# [Task directions]
The lines wanted are those from the one containing "new Cargo (Enclosed)" to the last line of the entries below; output them exactly, leaving out pictures.

Short descriptive text snippets:
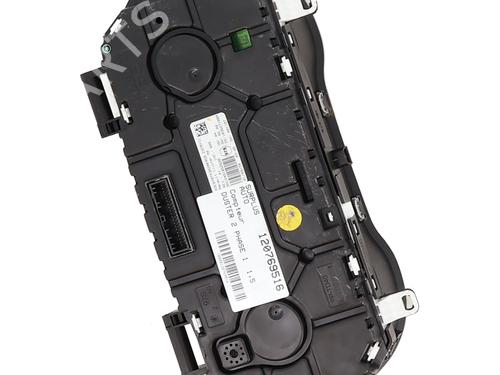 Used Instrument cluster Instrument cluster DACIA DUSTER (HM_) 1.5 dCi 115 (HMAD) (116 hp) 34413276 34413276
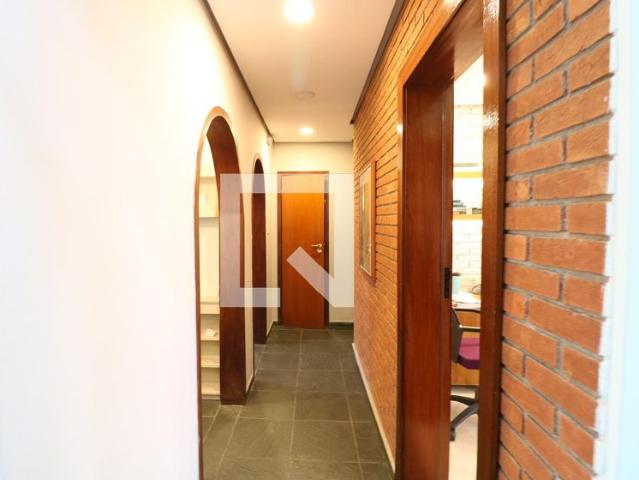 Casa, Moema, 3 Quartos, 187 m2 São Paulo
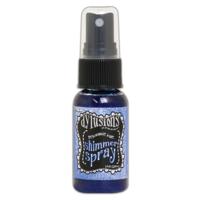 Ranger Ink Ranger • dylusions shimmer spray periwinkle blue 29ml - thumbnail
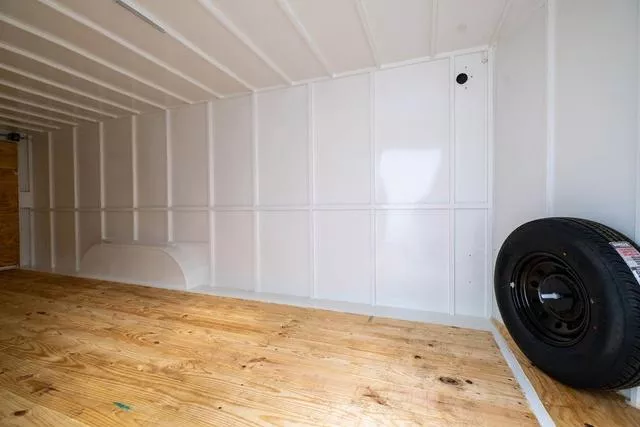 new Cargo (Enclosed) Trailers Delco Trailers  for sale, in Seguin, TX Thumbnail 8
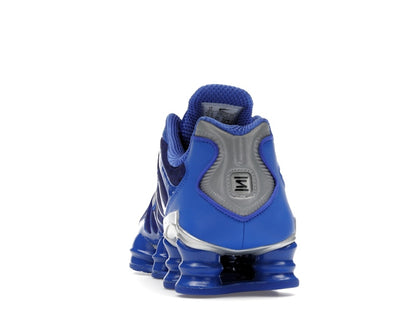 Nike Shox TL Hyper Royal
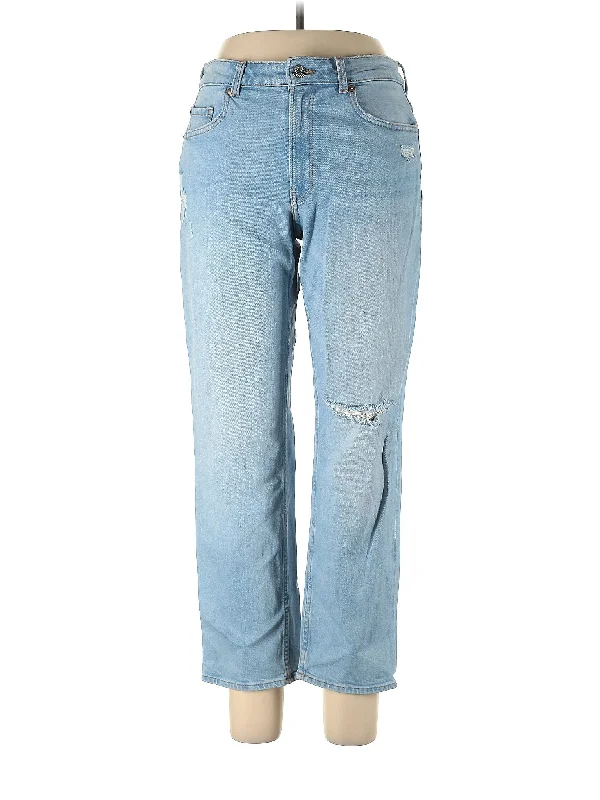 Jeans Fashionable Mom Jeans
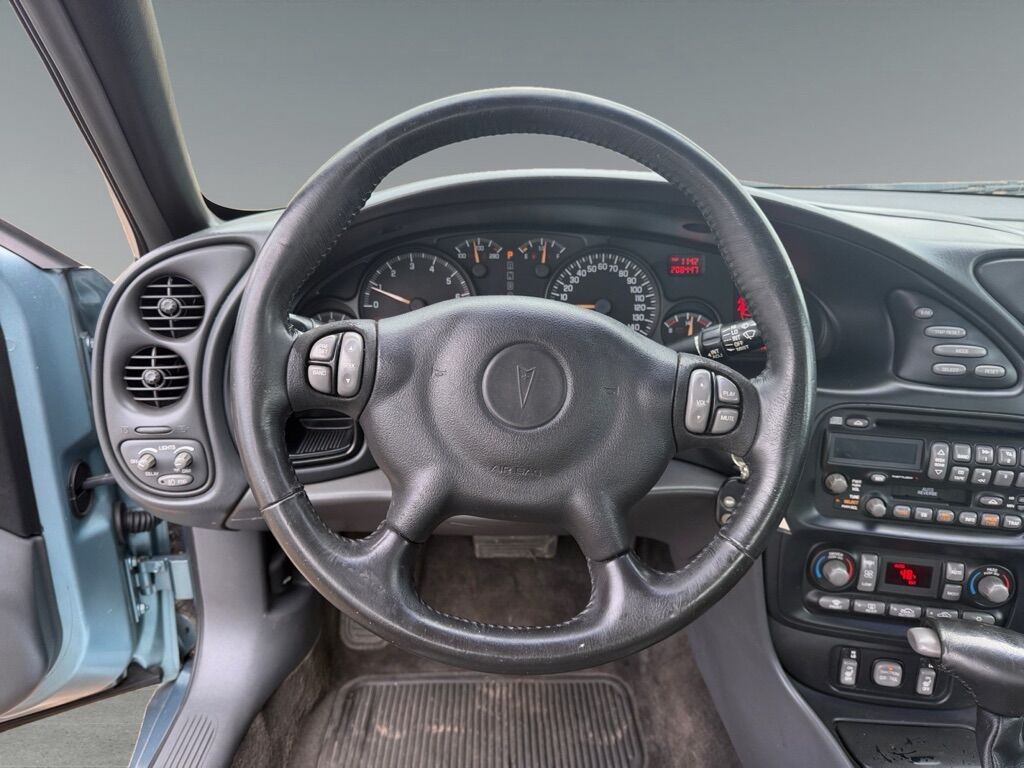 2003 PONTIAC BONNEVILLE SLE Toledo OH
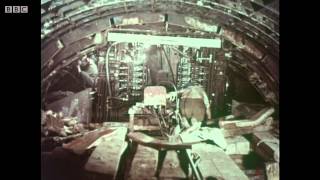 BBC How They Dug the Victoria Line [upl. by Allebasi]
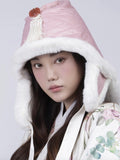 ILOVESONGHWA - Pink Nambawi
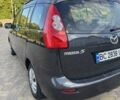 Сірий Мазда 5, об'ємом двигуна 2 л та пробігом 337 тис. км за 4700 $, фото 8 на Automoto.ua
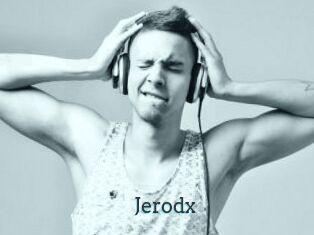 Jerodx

# [Result]
 new Cargo (Enclosed) Trailers Delco Trailers  for sale, in Seguin, TX Thumbnail 8
 Nike Shox TL Hyper Royal
 Jeans Fashionable Mom Jeans
 2003 PONTIAC BONNEVILLE SLE Toledo OH
 BBC How They Dug the Victoria Line [upl. by Allebasi]
 ILOVESONGHWA - Pink Nambawi
 Сірий Мазда 5, об'ємом двигуна 2 л та пробігом 337 тис. км за 4700 $, фото 8 на Automoto.ua
 Jerodx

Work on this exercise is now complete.